Author 3 books630 followers
July 8, 2018
The third PhD I have ever read, the first to which I've contributed, and certainly the best-written. ”The "Adam Smith Problem" is just that Smith's two big books seem to dramatically contradict each other: WoN is methodologically and normatively individualist and abstracts out the economy from the rest of human life, but ToMS is a holistic and altruistic picture, one which subsumes economic behaviour as a special case of all virtuous or vicious actions. Hodder's job, which, remarkably, went undone over 200 years of scholarly debate, is to consider the possible explanations (e.g. "Smith divides society into disjoint private and public spheres"; "one of the two books is ironic"; "he changed his mind"; "he was a idjit") through close exegesis and logical reconstruction, and somehow weigh them.

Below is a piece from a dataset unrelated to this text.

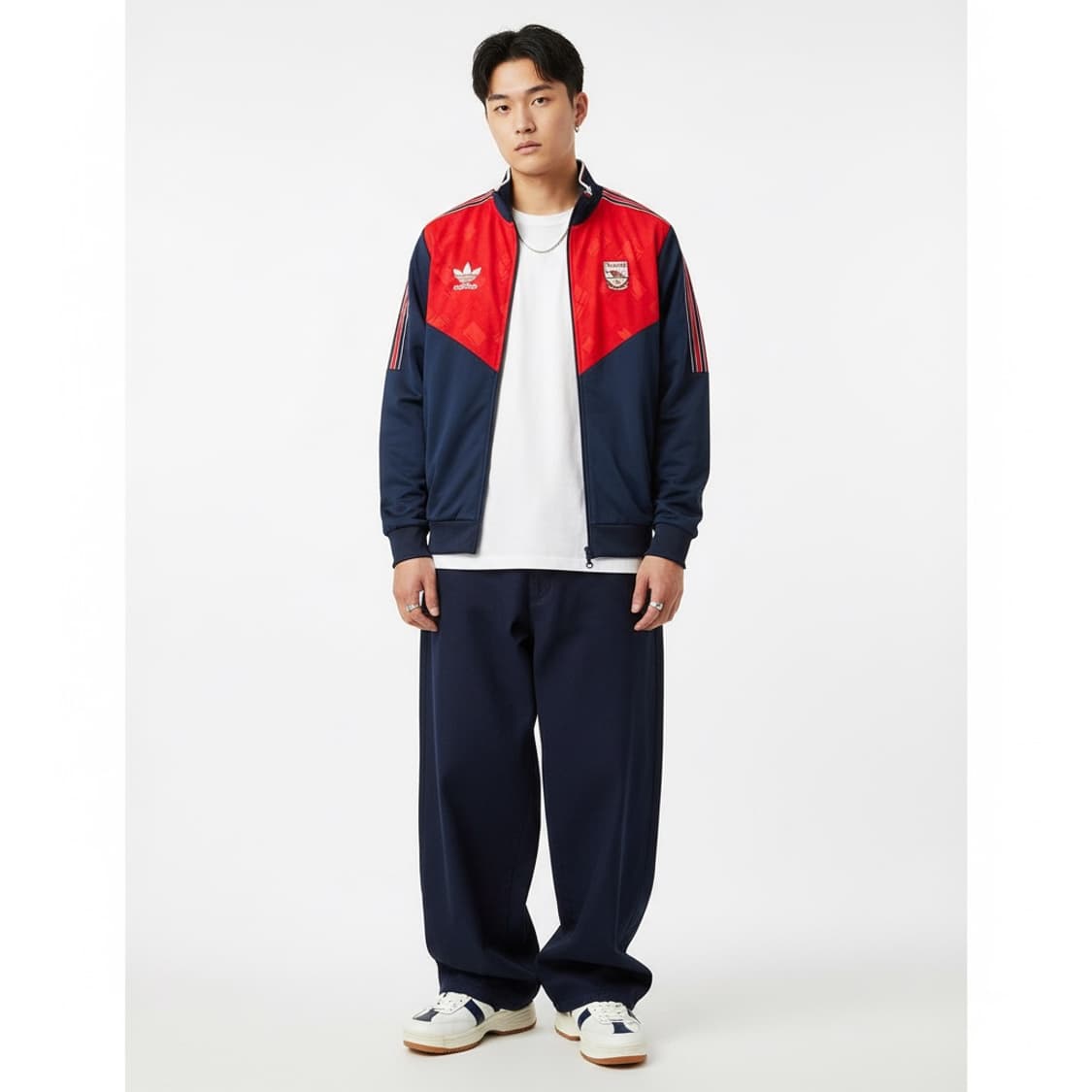 Adidas 아디다스 레드 네이비 아스날 트랙탑 L (스트릿) 상품이미지1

The conclusion is satisfying enough: What is the Adam Smith Problem?: A debate on a problem; the debate was the problem. Basically, a series of bad readers (from the German Historicists to Paul Samuelson) misread certain key terms and passages, imputed an anachronistic atheism and efficient-causation empiricism to him, and then propagated a straw-man ("a shadow history") throughout the secondary literature and the tertiary sewer we call the media. (They also missed the timing and the explicit initial audience of WoN: the book is avowedly a polemic to affect British trade policy, and a highly successful one at that.)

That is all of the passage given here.